■ EXERCISE BRIEF:
Your task is to transcribe the lines from the start of the data below through the line containing "316 Wexford Terrace", inclusive, exactly as they stand and without the pictures.

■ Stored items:
»»

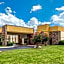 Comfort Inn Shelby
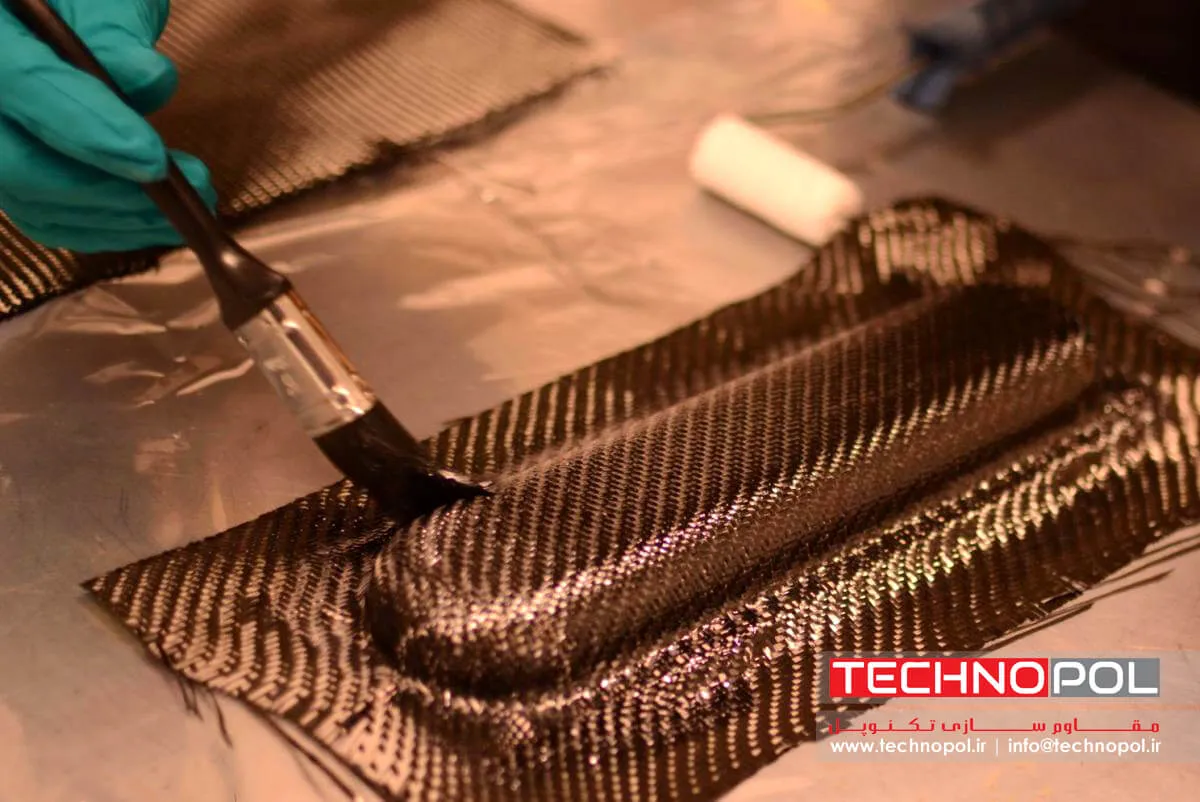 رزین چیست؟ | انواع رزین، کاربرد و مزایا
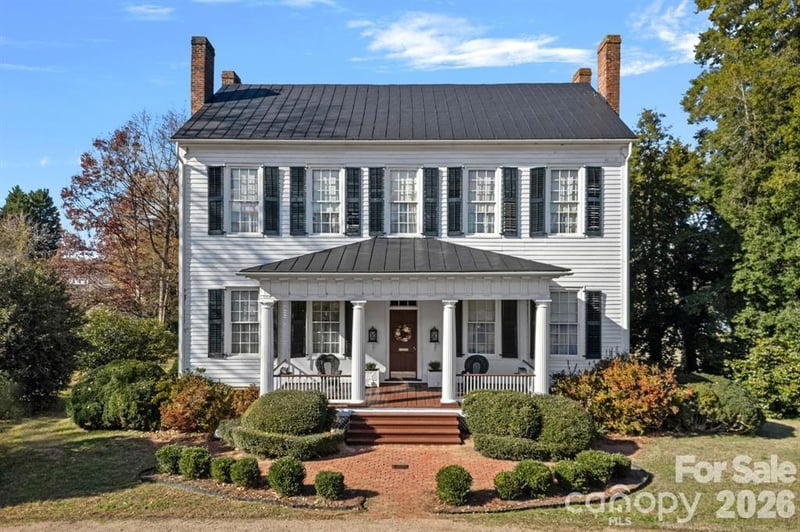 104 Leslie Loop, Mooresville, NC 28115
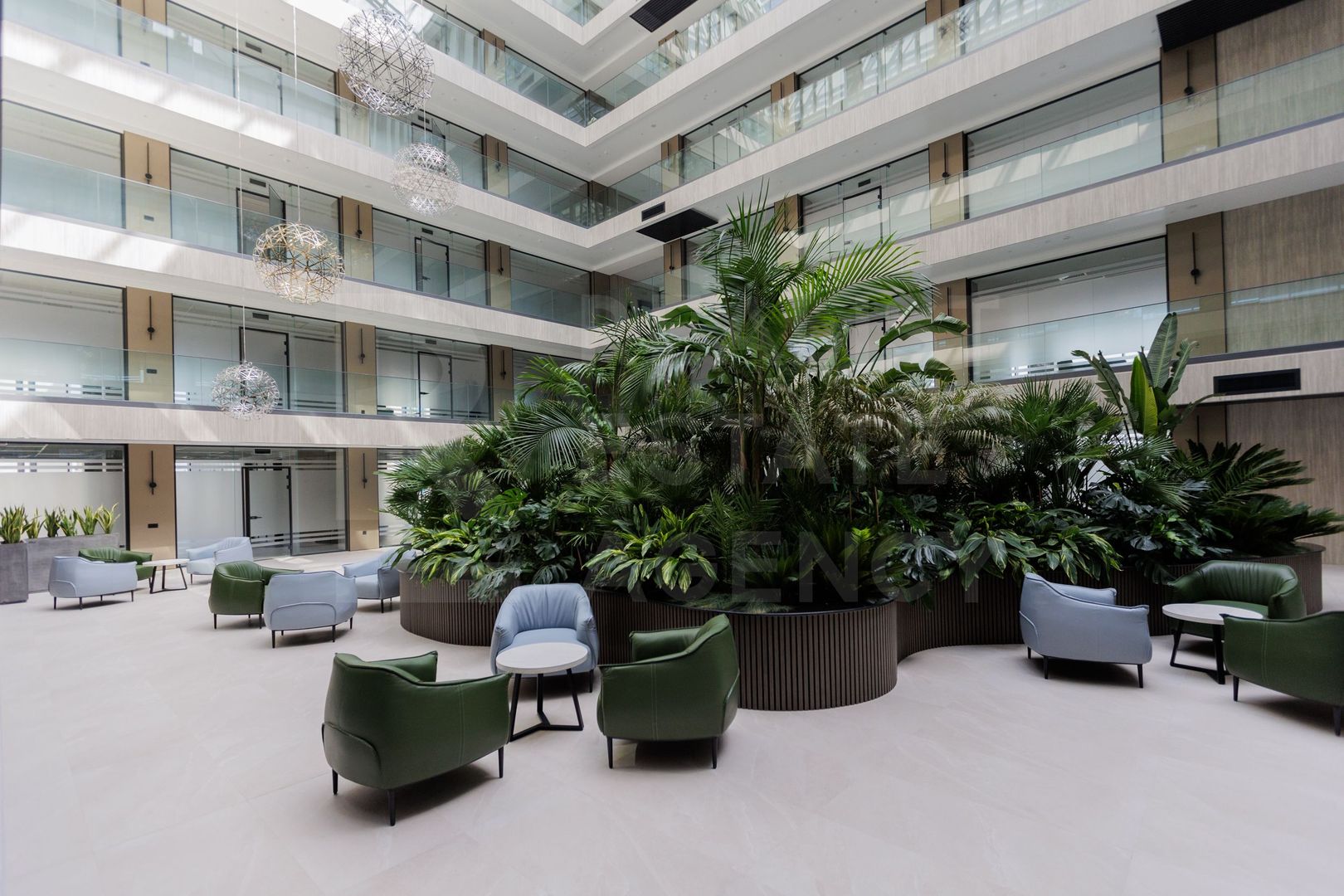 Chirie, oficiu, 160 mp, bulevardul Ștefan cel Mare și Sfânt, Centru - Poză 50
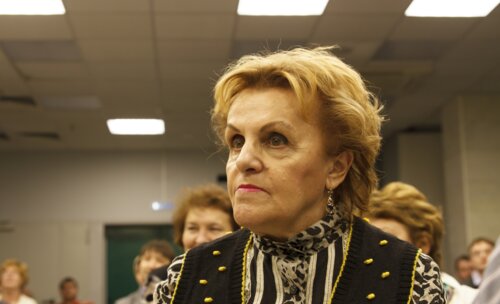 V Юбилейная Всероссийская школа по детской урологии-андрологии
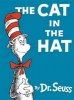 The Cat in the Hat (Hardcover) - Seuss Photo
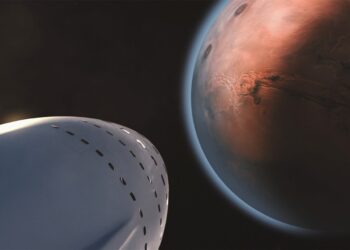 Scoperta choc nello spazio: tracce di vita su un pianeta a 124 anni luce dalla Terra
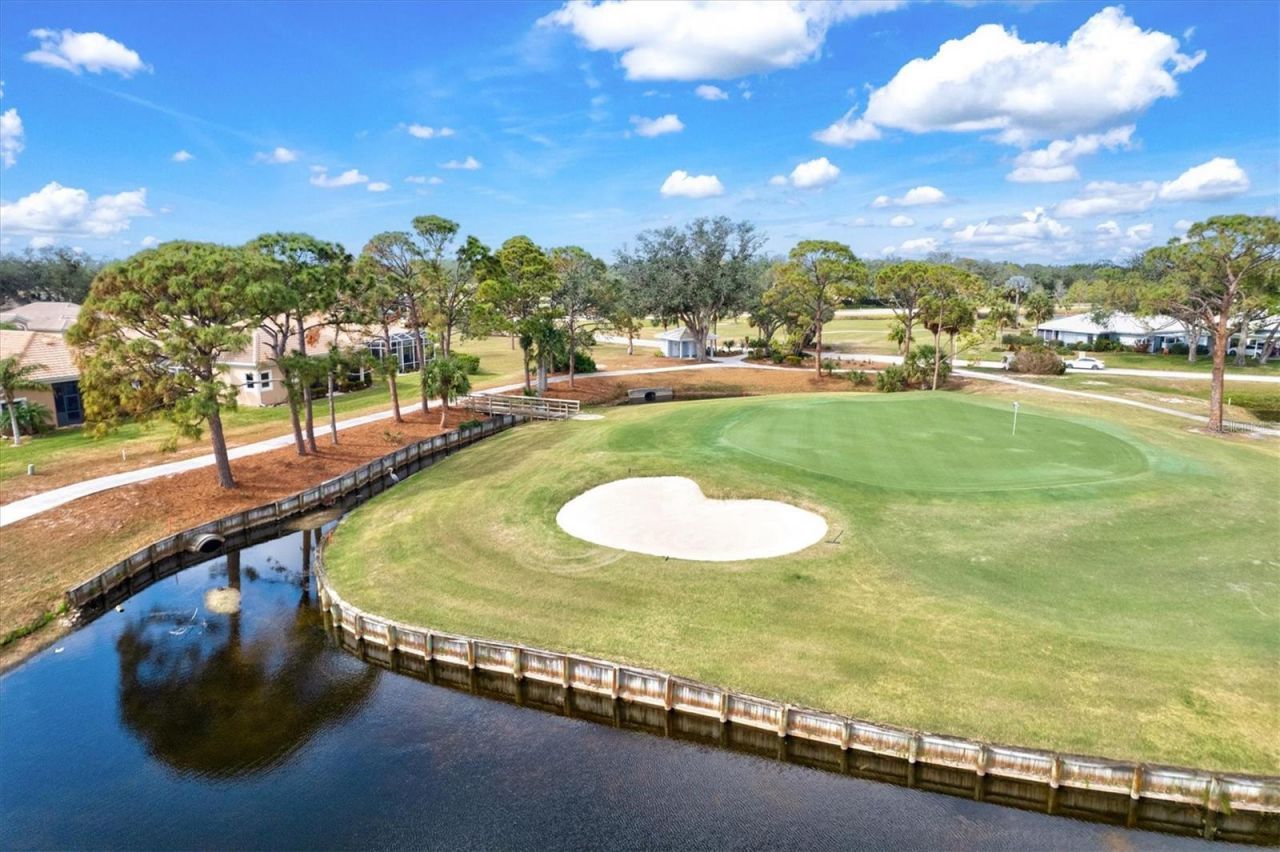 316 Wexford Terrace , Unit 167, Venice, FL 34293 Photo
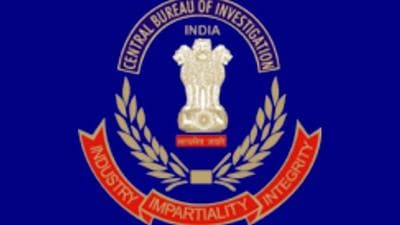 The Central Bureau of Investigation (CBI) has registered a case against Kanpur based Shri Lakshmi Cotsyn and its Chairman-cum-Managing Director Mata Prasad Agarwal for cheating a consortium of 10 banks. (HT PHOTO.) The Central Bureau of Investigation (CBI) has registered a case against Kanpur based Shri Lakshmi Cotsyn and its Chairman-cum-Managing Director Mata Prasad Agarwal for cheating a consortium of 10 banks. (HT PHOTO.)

««

■ RESPONSE TO THIS TASK:
 Comfort Inn Shelby
 رزین چیست؟ | انواع رزین، کاربرد و مزایا
 104 Leslie Loop, Mooresville, NC 28115
 Chirie, oficiu, 160 mp, bulevardul Ștefan cel Mare și Sfânt, Centru - Poză 50
 V Юбилейная Всероссийская школа по детской урологии-андрологии
 The Cat in the Hat (Hardcover) - Seuss Photo
 Scoperta choc nello spazio: tracce di vita su un pianeta a 124 anni luce dalla Terra
 316 Wexford Terrace , Unit 167, Venice, FL 34293 Photo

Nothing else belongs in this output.